Bild: Berlin 2020: Demo für ein Selbstbestimmungsrecht in Bezug auf Personenst…
Es ging ums große Ganze: um Mann und Frau. Als die Grünen gegen Ende der
vergangenen Legislatur einen Gesetzentwurf vorlegten, um das
Transsexuellengesetz abzuschaffen, sah die FAZ das „körperliche Geschlecht“
in Auflösung. Der Stein des Anstoßes: Künftig, so die Grünen, solle trans
Personen in Deutschland der Wechsel des Geschlechtseintrags ohne externe
Gutachten und auf Basis der Selbstauskunft erlaubt sein. Die [1][Emma ]
warnte vor einer sich „anbahnenden Katastrophe“, die SZ beschrieb, warum:
Am Horizont stehe das „Verschwinden der Frauen“.
Auch international führt die Frage, wer Geschlecht eigentlich wie definiert
und was das in puncto trans bedeutet, derzeit zu aufgeheizten
Auseinandersetzungen. Zuletzt trat die britische Philosophin [2][Kathleen
Stock], die trans Frauen als Männer bezeichnet, nach massivem öffentlichen
Druck von ihrem Posten zurück. Ein Geschlechterkampf bricht sich Bahn,
vorwiegend zwischen cis und trans Frauen – also zwischen Frauen, denen bei
Geburt das Geschlecht „weiblich“ zugewiesen wurde und die sich damit
identifizieren, und zwischen Personen, denen bei Geburt das Geschlecht
„männlich“ zugewiesen wurde und die sich damit nicht identifizieren. Die
zentrale Frage dabei: Sind trans Frauen Frauen?
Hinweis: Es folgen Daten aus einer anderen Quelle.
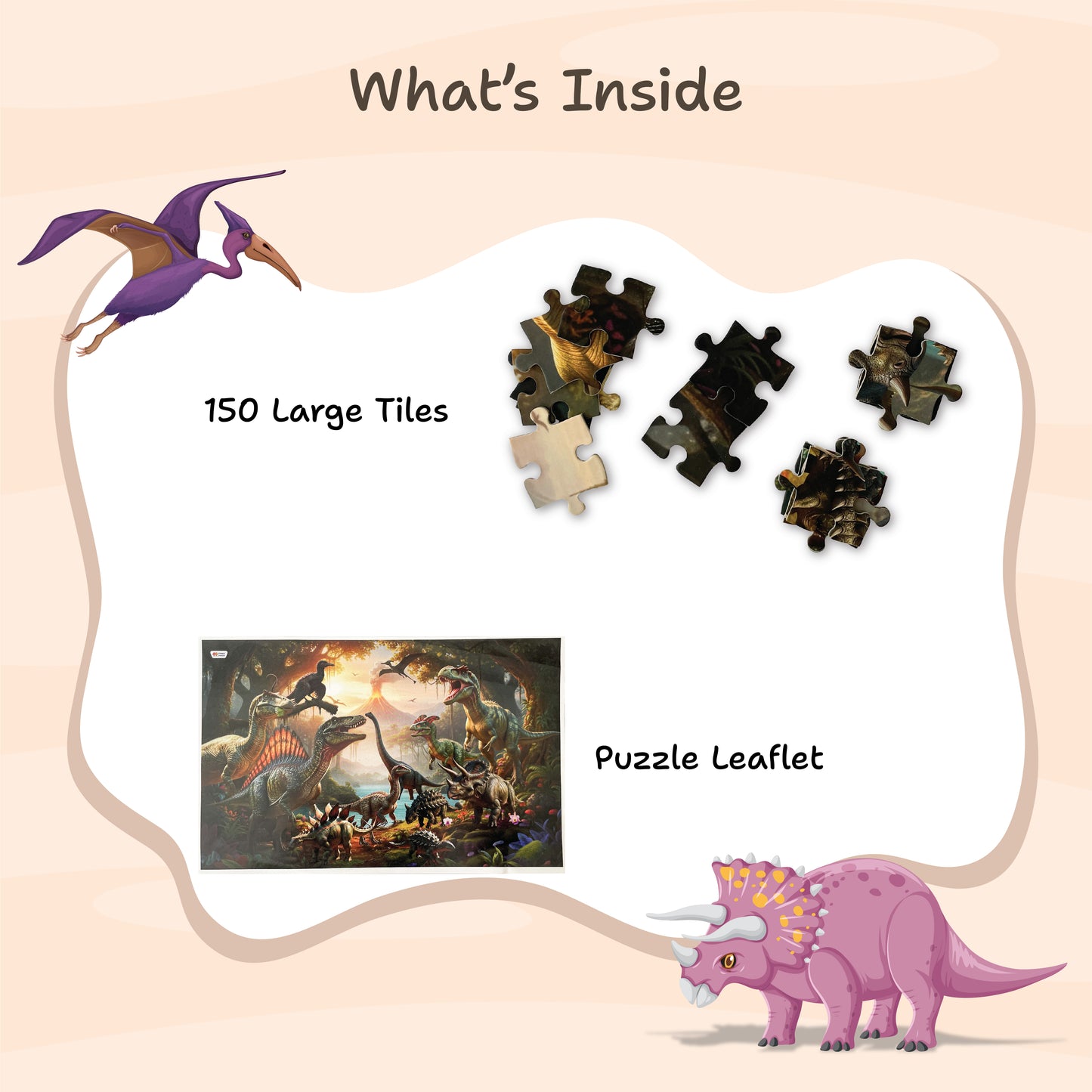 Jurrasic Jumble Quest - Dino Discovery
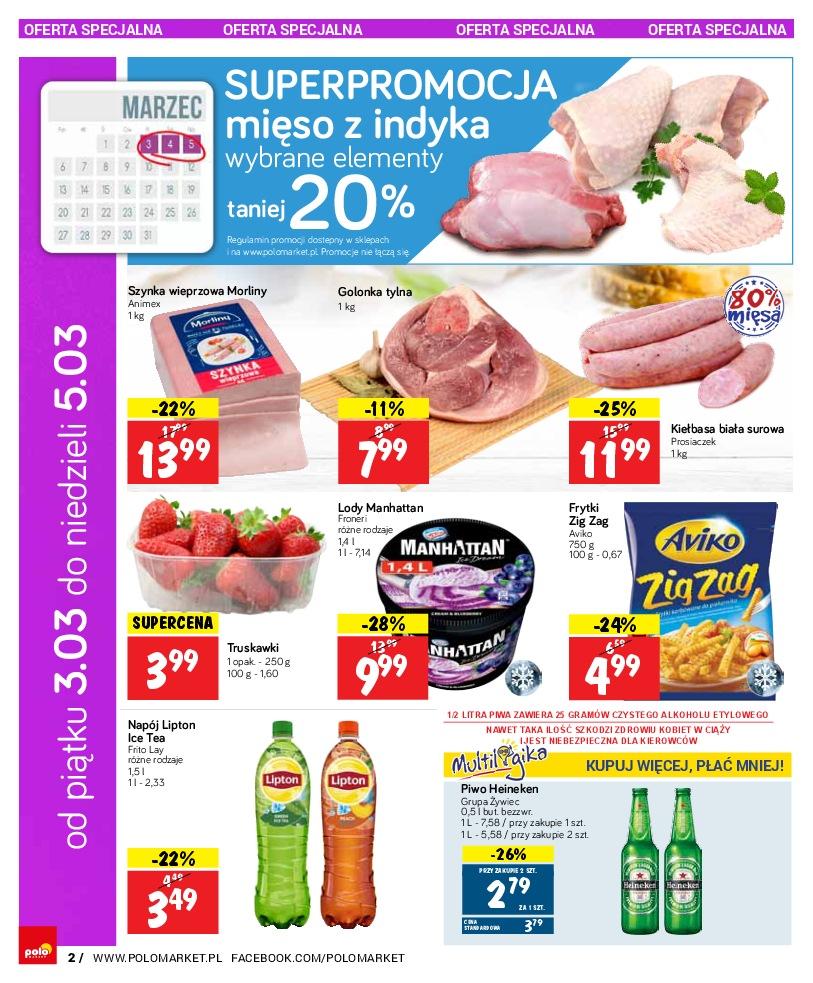 Gazetka promocyjna POLOmarket str. 2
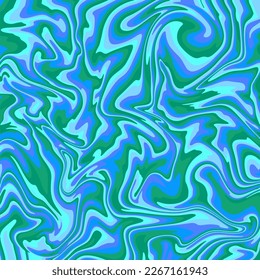 Liquid art texture. Abstract background with swirling paint effect. Painting with liquid acrylic that pours and splashes.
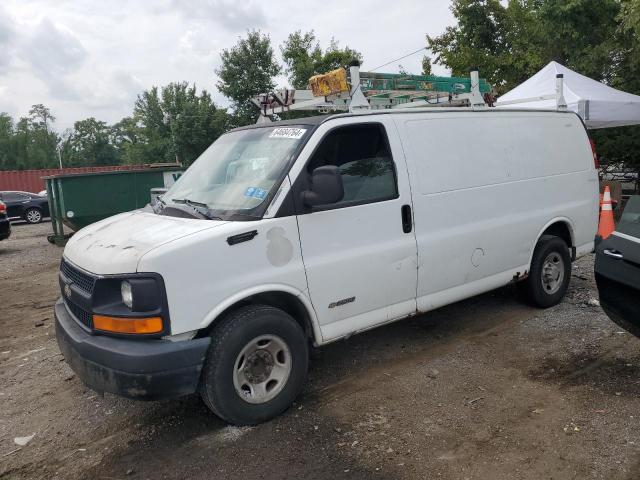 chevrolet express g2 2006 1gcgg25v761170434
Dass diese Frage jetzt relevant wird, liegt daran, dass trans Personen als
sichtbare Gruppe auf der Bildfläche des Mainstreams erscheinen. Sie haben
Rechte erkämpft, das Klima gegenüber LGBTI hat sich verändert. Die
Gefahren, die trans Personen – trans Frauen, trans Männer, nichtbinäre
Personen – durch Angriffe oder Ausgrenzung drohen, nehmen langsam, ganz
langsam ab. Derzeit geht man von einer knappen halben Million trans
Personen in Deutschland aus, noch längst nicht alle davon leben offen.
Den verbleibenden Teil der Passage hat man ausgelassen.